**Your objective**
Where a line contains "Braarudosphaera turbinea 6699", begin there and restate word for word every line to the end of the entries below, pictures excluded.

**Supplied records**
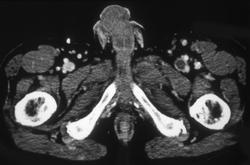 Left Deep Vein Thrombosis (DVT) - CTisus CT Scan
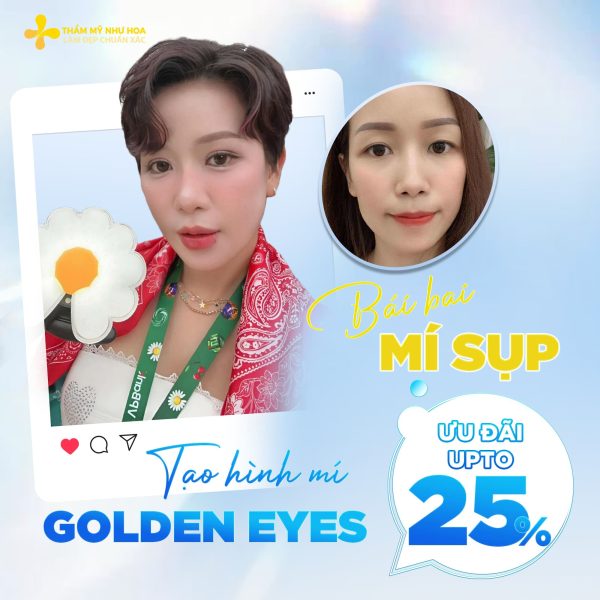 Chi tiết quy trình 14 bước chuẩn xác tạo hình mí Golden Eyes 5 aa 1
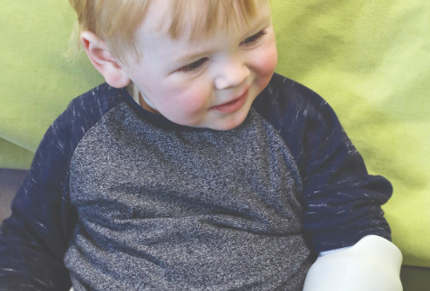 Child pictured with 3D printed arm. 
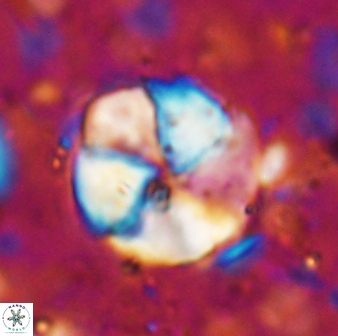 Braarudosphaera turbinea 6699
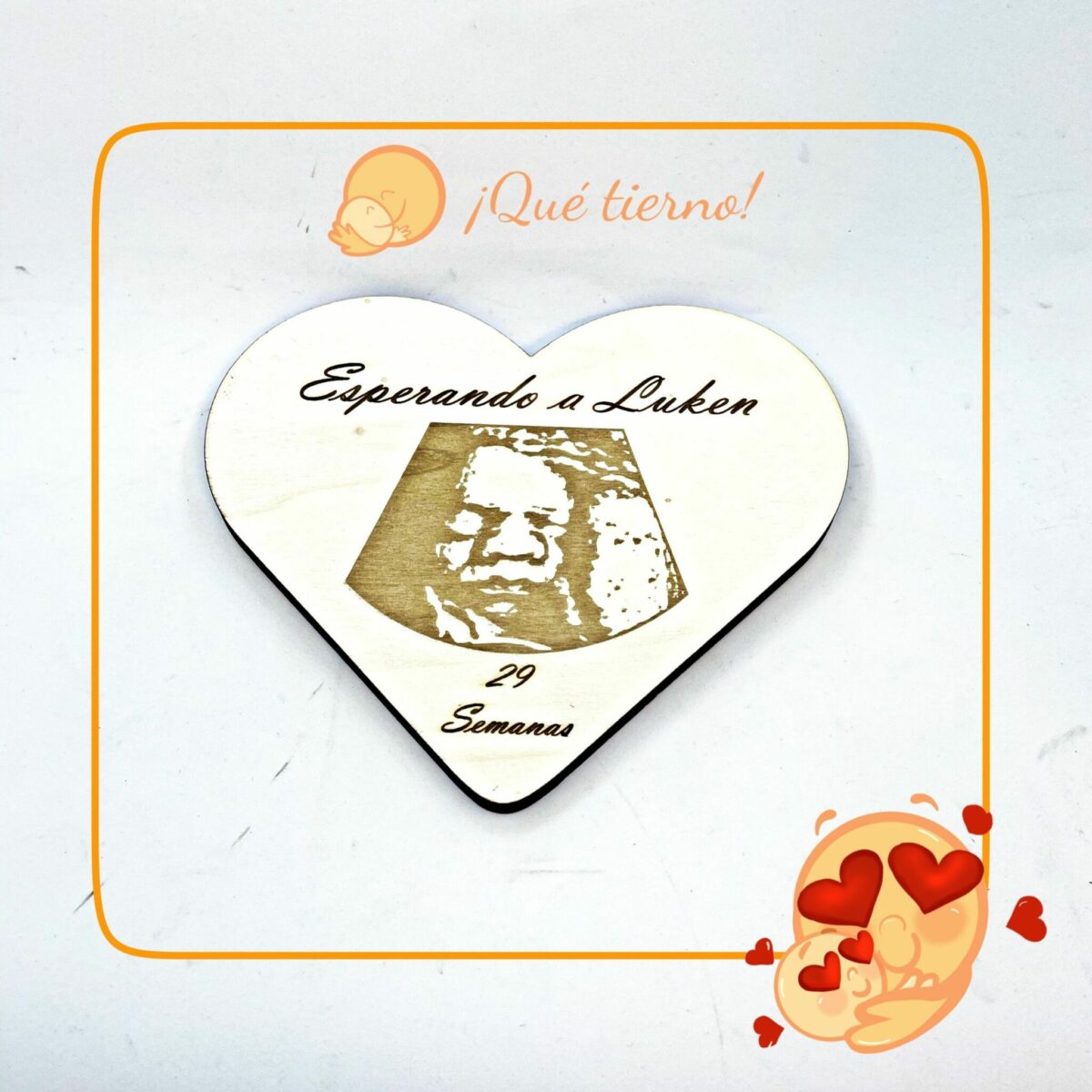 ecografía en corazón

**Response**
 Braarudosphaera turbinea 6699
 ecografía en corazón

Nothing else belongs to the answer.